Prompt: Look below for the line containing "2026 Bowman Chrome"; from there through the line containing "Cosmopolitan Design - Canapé", both lines included, please set down each line exactly and nothing else.

Data supplied:
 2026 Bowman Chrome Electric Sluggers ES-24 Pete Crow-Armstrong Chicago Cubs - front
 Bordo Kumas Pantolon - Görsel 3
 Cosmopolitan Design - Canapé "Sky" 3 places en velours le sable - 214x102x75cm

--

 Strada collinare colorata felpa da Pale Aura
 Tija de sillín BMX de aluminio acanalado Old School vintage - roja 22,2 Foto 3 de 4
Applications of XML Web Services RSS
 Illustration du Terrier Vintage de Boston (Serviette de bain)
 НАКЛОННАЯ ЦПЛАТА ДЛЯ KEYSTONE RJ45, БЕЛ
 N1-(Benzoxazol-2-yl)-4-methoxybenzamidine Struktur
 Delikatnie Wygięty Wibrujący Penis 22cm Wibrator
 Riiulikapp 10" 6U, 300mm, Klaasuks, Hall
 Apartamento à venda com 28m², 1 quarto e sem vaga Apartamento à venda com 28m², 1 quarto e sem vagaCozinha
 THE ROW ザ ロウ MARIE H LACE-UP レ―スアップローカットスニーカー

* * *

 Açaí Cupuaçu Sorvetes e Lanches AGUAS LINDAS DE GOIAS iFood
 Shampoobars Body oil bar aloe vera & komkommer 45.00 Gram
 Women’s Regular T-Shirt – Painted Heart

The answer:
 2026 Bowman Chrome Electric Sluggers ES-24 Pete Crow-Armstrong Chicago Cubs - front
 Bordo Kumas Pantolon - Görsel 3
 Cosmopolitan Design - Canapé "Sky" 3 places en velours le sable - 214x102x75cm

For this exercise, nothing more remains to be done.